Perjuangan yang terjadi pada bulan Ramadhan penuh keberkahan itu
disajikan langsung dari tanah yang penuh berkah dan medan jihad bernama
Gaza.
Suatu ketika di sebuah medan pertempuran dahsyat di Al-Ghawafir, timur
distrik Al-Qararah, selatan Jalur Gaza, melalui terowongan bawah tanah,
sejumlah 29 mujahid dari pasukan elit Al-Qassam turun ke medan
pertempuran terbuka yang sesungguhnya untuk mengejutkan musuh dengan
kedatangan yang tak terduga.
Dengan tenang, salah seorang dari mereka berusaha mengingat-ingat dan
menceritakan apa yang terjadi padanya dan saudara-saudaranya serta
pasrah pada pertolongan Allah Subhanahu Wa Ta’ala selama berhari-hari di
bawah tanah terowongan.
Seorang mujahid berinisial “A.S.” berkata: “Ketika itu misi kami adalah
meringkus sekelompok tentara Zionis yang berusaha melakukan penyerangan
ke dalam perbatasan Gaza serta memukul mundur konvoi tentara Zionis
dengan berbagai cara.”
“Di antara kelompok kami terdapat beberapa anggota satuan khusus
terowongan yang misinya mempersiapkan terowongan dan jalan keluar agar
bisa digunakan oleh para anggota elit.
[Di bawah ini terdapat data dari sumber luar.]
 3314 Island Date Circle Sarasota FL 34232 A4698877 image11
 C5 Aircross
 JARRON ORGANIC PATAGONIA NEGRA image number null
Pada saat itu, para mujahidin
berada dalam kondisi siap siaga di posisi mereka sebelum dimulainya
pertempuran darat.”
Dia menambahkan, “Di awal-awal pertempuran darat terjadi baku tembak
antara kami dengan tentara Zionis di mana saat itu para mujahdin
berhasil melakukan beberapa aksi yang sangat berani, diawali dengan aksi
meledakkan tank dan buldozer dari jarak nol, kemudian berbagai operasi
lainnya terus berlangsung dengan berbagai jenis operasi yang terbagi ke
beberapa mujahidin.”
Masing-masing bergerak sesuai spesialisasinya, dan sesuai rencana yang
telah dibuat oleh saudara-saudara kami di ruang komando operasional
untuk kami.
Sang mujahid kemudian memulai menceritakan salah satu operasi
terbesarnya. Saat itu, dua orang mujahid yang saat ini telah syahid
-Basim Al-Agha dan Fadi Abu Auda- keluar membawa beberapa ranjau bernama
“Syuadz” (ranjau lokal buatan Al-Qassam), kedua mujahid tersebut
meledakkan bom ranjau tersebut dalam operasi bom syahid ke sebuah
buldoser dan tank Zionis dari jarak nol yang menyebabkan beberapa
tentara Zionis tewas dan terluka.
Sang mujahid menyebutkan bahwa saat itu semua berjalan mudah dan sesuai
yang direncanakan. Saat itu, para mujahidin sangat bersemangat dan
selalu yakin bahwa Allah bersama mereka dalam pertempuran tersebut,
mereka menghabiskan waktu menunggu mereka dengan berzikir, istighfar,
doa dan shalat.
Dia melanjutkan : “Ketika musuh memasuki wilayah Al-Qararah, mereka
mulai menghancurkan beberapa lubang terowongan dengan meledakannya dan
mengancurkannya melalui serangan pesawat tempur F-16 milik Zionis yang
menyebabkan terutupnya jalan keluar yang tertimbun sedalam 25 meter di
bawah tanah"
Kejadian tersebut terjadi pada 19 juli 2014 2014 lalu, hari kedua sejak
dimulainya serangan darat dan terputuslah komunikasi antara kami dan
ruang komando.
Komandan lapangan “W.A” mengatakan: “Sejak terputusnya komunikasi pada
hari itu kami menganggap para mujahidin tersebut telah hilang. Kami sama
sekali tidak mengetahui apa yang terjadi dengan mereka karena panas dan
banyaknya kecamuk pertempuran melawan musuh. Saat itu perhitungan kami
para mujahidin tersebut tidak memiliki persediaan makanan dan minuman
yang cukup untuk bertahan selama itu dan mustahil -secara perhitungan
logika sebagai manusia biasa- mereka bisa bertahan hidup.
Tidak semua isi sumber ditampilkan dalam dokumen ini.